# WORK REQUIRED
Copy the listing below exactly. Pictures stay out of it.
##### DATA BLOCK
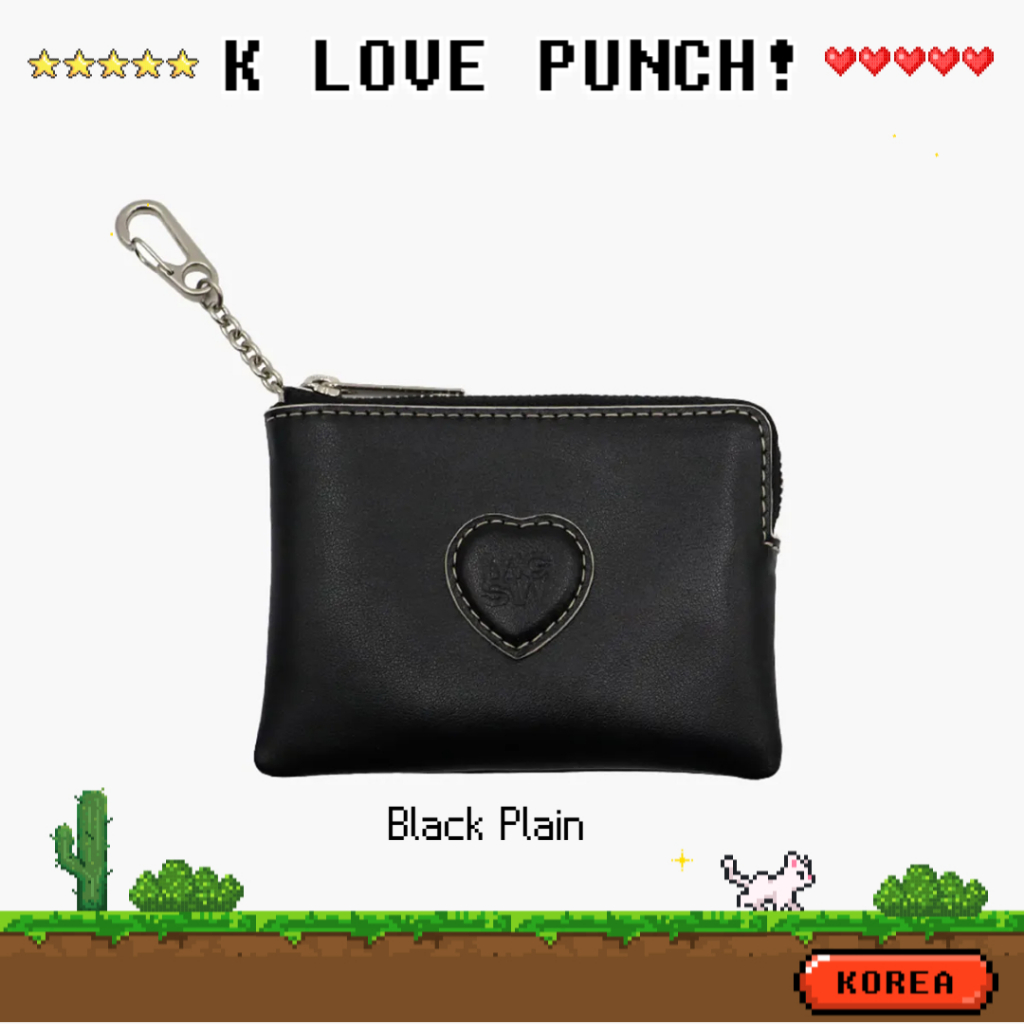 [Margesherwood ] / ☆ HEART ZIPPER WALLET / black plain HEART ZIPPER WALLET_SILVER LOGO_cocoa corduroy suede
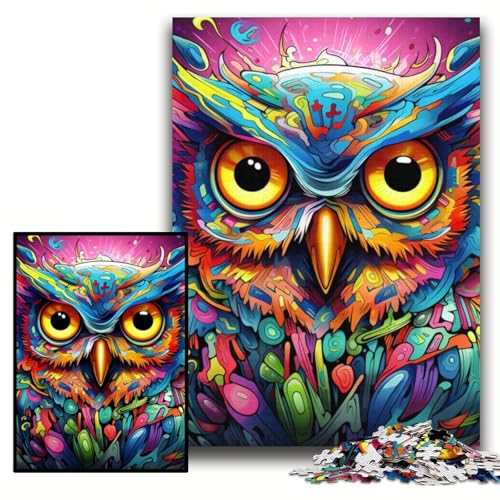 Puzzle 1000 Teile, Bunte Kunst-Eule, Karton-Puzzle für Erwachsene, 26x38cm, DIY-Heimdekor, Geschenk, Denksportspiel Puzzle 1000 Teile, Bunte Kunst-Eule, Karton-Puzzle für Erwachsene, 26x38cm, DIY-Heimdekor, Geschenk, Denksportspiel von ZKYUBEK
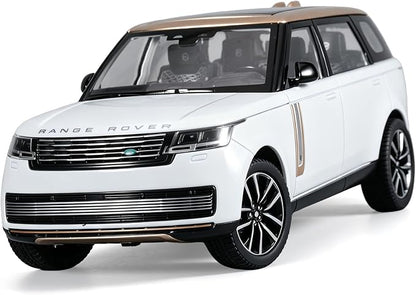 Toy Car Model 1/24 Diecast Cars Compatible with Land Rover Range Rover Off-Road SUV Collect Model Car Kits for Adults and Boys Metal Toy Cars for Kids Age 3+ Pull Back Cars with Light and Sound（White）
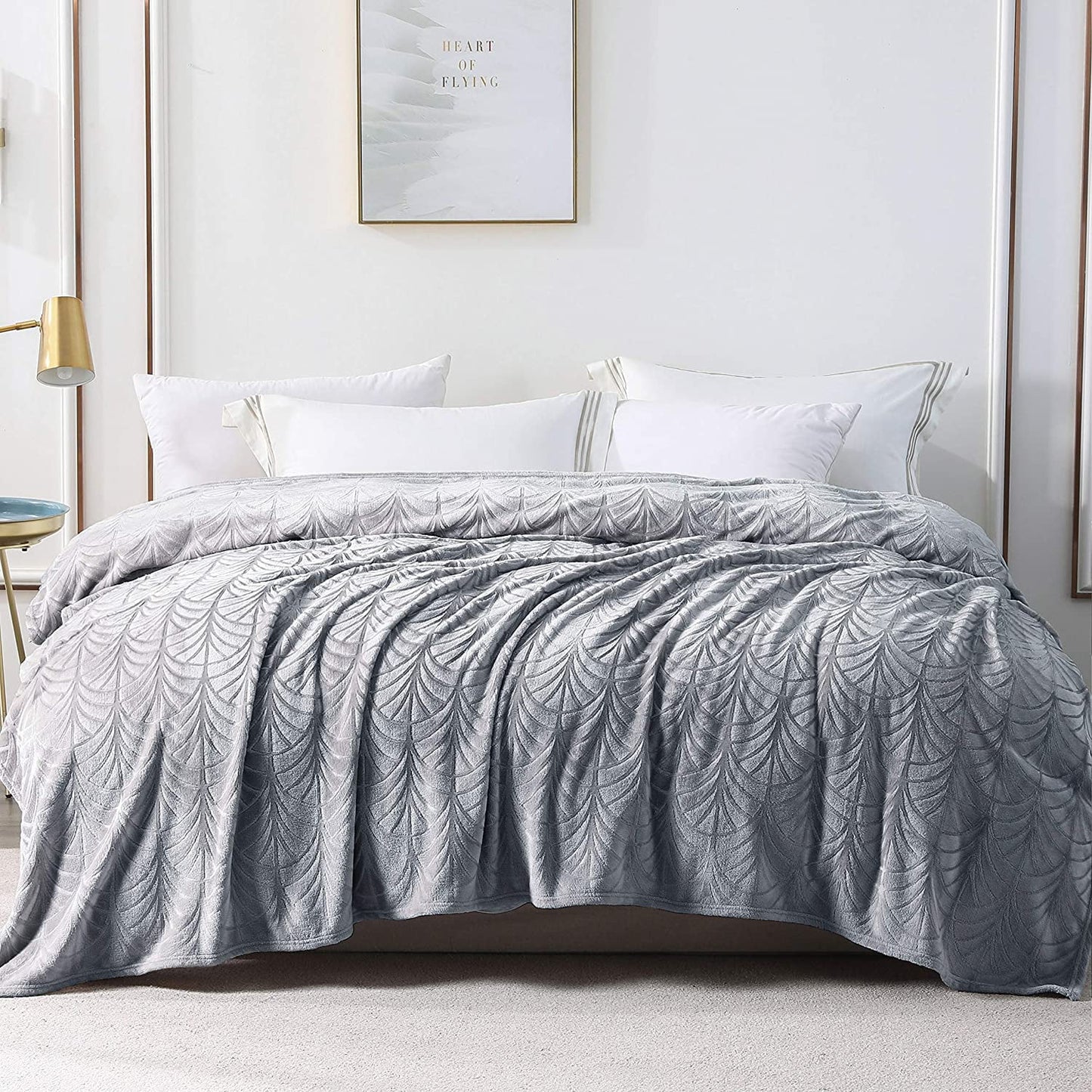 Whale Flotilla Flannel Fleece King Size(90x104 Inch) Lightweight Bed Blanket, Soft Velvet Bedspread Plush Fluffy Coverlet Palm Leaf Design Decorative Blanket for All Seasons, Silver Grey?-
##########
# RESPONSE BELOW
 [Margesherwood ] / ☆ HEART ZIPPER WALLET / black plain HEART ZIPPER WALLET_SILVER LOGO_cocoa corduroy suede
 Puzzle 1000 Teile, Bunte Kunst-Eule, Karton-Puzzle für Erwachsene, 26x38cm, DIY-Heimdekor, Geschenk, Denksportspiel Puzzle 1000 Teile, Bunte Kunst-Eule, Karton-Puzzle für Erwachsene, 26x38cm, DIY-Heimdekor, Geschenk, Denksportspiel von ZKYUBEK
 Toy Car Model 1/24 Diecast Cars Compatible with Land Rover Range Rover Off-Road SUV Collect Model Car Kits for Adults and Boys Metal Toy Cars for Kids Age 3+ Pull Back Cars with Light and Sound（White）
 Whale Flotilla Flannel Fleece King Size(90x104 Inch) Lightweight Bed Blanket, Soft Velvet Bedspread Plush Fluffy Coverlet Palm Leaf Design Decorative Blanket for All Seasons, Silver Grey?-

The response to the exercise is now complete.